***Column 'Capping IT Off', January 2010***
According to a large number of articles in different specialist journals ‘The Cloud’ will be (or already is) the next big thing in IT-land, so I guess it will be important in testing too. Most articles are very positive on the possibilities of this concept, but as is testers own, I get a little skeptic and weary.
Since the first publications on the subject a group of testers in Capgemini’s Community of Practice Testing started following the news. As I said; MOST articles are positive, but lately some doubts have risen. Companies seem to see the possibilities, but also have questions on subjects like ‘security’, ‘performance’ and ‘traceability’. These latter three are quality attributes typically covered by testing.
So will testing the cloud specifically for ones organization take away these doubts? Testing is all about giving the stakeholders insight in the degree of quality of their systems- and processes (and I mean this in ‘fit for purpose’-way, because there are a lot of definitions on quality). As a tester myself I find the name of this concept appropriate. One of the ‘–noun’ definitions in the dictionary states: “a dim or obscure area in something otherwise clear or transparent”. Things like system management that is normally in-house and controllable is now in some vague area out of sight of the organization itself.
Another one states: “a great number of insects, birds, etc., flying together: a cloud of locusts obscuring the sun.”, and I can’t help myself by thinking: THAT many bugs together? – that can’t be a good sign.

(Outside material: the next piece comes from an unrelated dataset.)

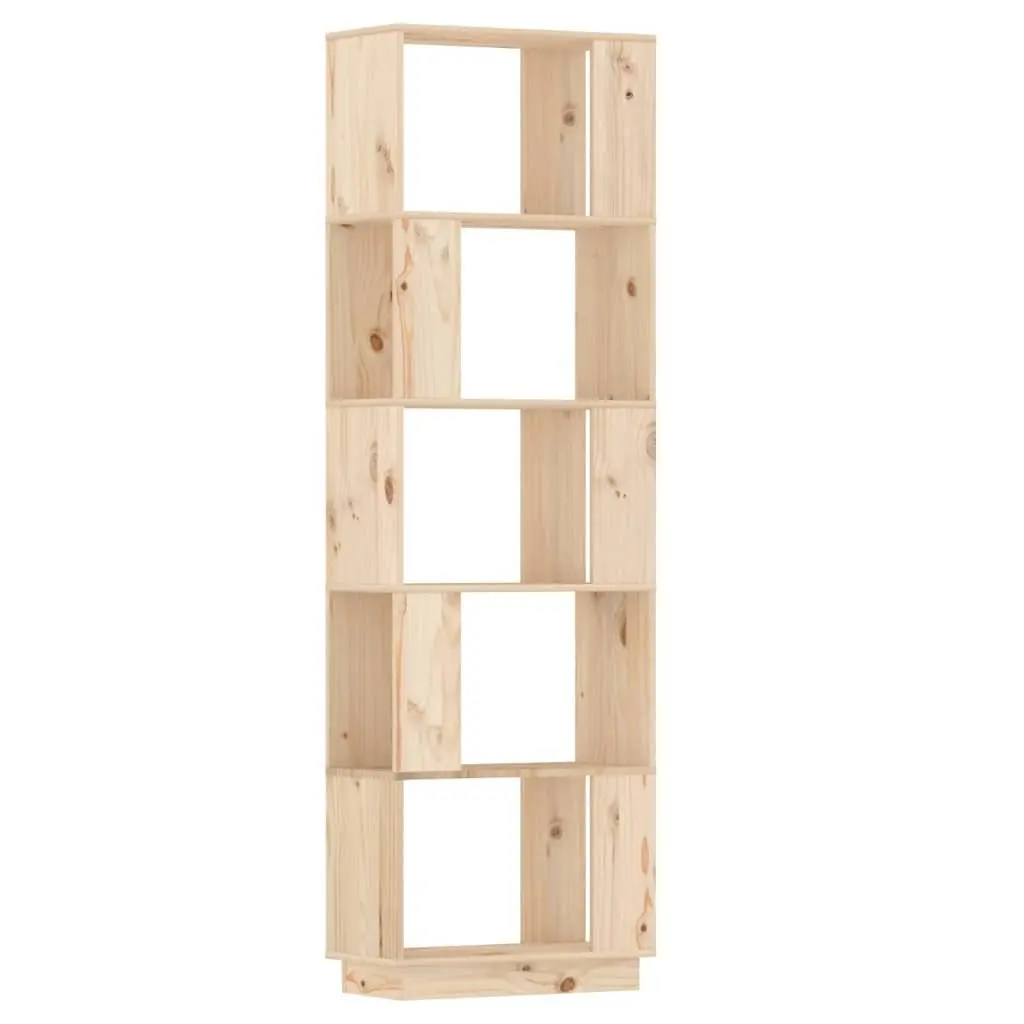 Solid Wood Pine Book Cabinet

So does this cloud also has a silver lining? The process of testing itself will not be different, but the way testing is managed all the more, as are the emphasis on certain quality attributes. Is testing a regular complex system normally a challenge, testing a cloud related system will be more so, but certainly not impossible.
So yes, from a testers point of view, this cloud certainly has a silver lining, but it will take an experienced tester to make it so, else it will stay just as the dictionary also states: “anything that obscures or darkens something, or causes gloom, trouble, suspicion, disgrace, etc.” instead of being (-idioms definition): “on a cloud, Informal. exceedingly happy; in high spirits”
1 opmerking:
Thanks for the post, you can use the cloud in particular for performance testing. This is more real life than performance testing we do at this moment with tooling. Because nowadays we send 1000 requests from one computer to a server to simulate 1000 users for example.
With the cloud you can use for example 1000 VM in the cloud all over the world this is more real life because the traffic is from all over the world to the server. (this is a good opportunity for testing)
- What do you think about the security? And security testing of the cloud?